Afirmas estar en comunión con Dios, pero caminas en tinieblas; por otra parte, Dios es luz y en él no hay tinieblas, ¿cómo entonces están en comunión la luz y las tinieblas? Es el momento de que el hombre se interrogue: «¿qué he de hacer, cómo puedo llegar a ser luz? Vivo envuelto en pecados e iniquidades». Parece que se le infiltra cierta desesperación y tristeza. No hay salvación más que estando en comunión con Dios. Pero Dios es luz y en él no hay tiniebla alguna; los pecados, en cambio, son tinieblas como lo dice el Apóstol al afirmar que el diablo y sus ángeles son los que dirigen estas tinieblas (Ef 6,12). No diría de ellos que dirigen las tinieblas si no dirigiesen a los pecadores y dominasen sobre los inicuos.

¿Qué hacemos, hermanos míos? Hay que estar en comunión con Dios, pues, de lo contrario, no cabe esperanza alguna de vida eterna. Mas, por un lado, Dios es luz y en él no hay tiniebla alguna; por otro, las iniquidades son tinieblas. Las iniquidades nos oprimen, de modo que no podemos estar en comunión con Dios. ¿Qué esperanza nos queda? ¿No os había prometido que estos días iba a hablar de algo que produjese gozo?
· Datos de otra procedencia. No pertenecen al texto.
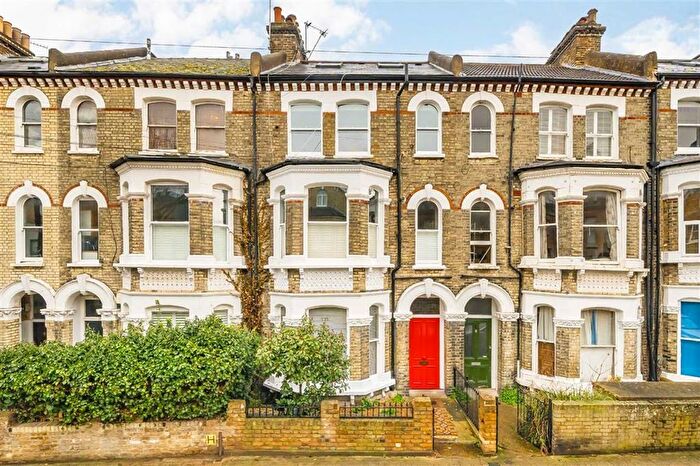 2 Bedroom Flat For Sale In Vardens Road, Battersea, SW11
Si no muestro ese algo gozoso, esto es sólo tristeza. De un lado, Dios es luz y en él no hay tiniebla alguna; de otro los pecados son tinieblas, ¿qué será de nosotros?

Escuchemos por si acaso nos consuela, levanta nuestro ánimo y nos da esperanza que nos evite desfallecer en el camino. Pues sostenemos una carrera y una carrera hacia la patria, y, si perdemos la esperanza de llegar, la misma falta de esperanza nos hace desfallecer. Pero Dios que quiere que lleguemos a la patria para retenernos en ella, nos alimenta en el camino. Escuchemos, pues: Porque si decimos que estamos en comunión con él y caminamos en las tinieblas, mentimos y no obramos la verdad. No afirmemos que estamos en comunión con Dios si caminamos en tinieblas. Porque si caminamos en la luz, como también él está en la luz, estamos en comunión los unos con los otros (1Jn 1,7). Caminemos en la luz como también él está en la luz para que podamos estar en comunión con él. 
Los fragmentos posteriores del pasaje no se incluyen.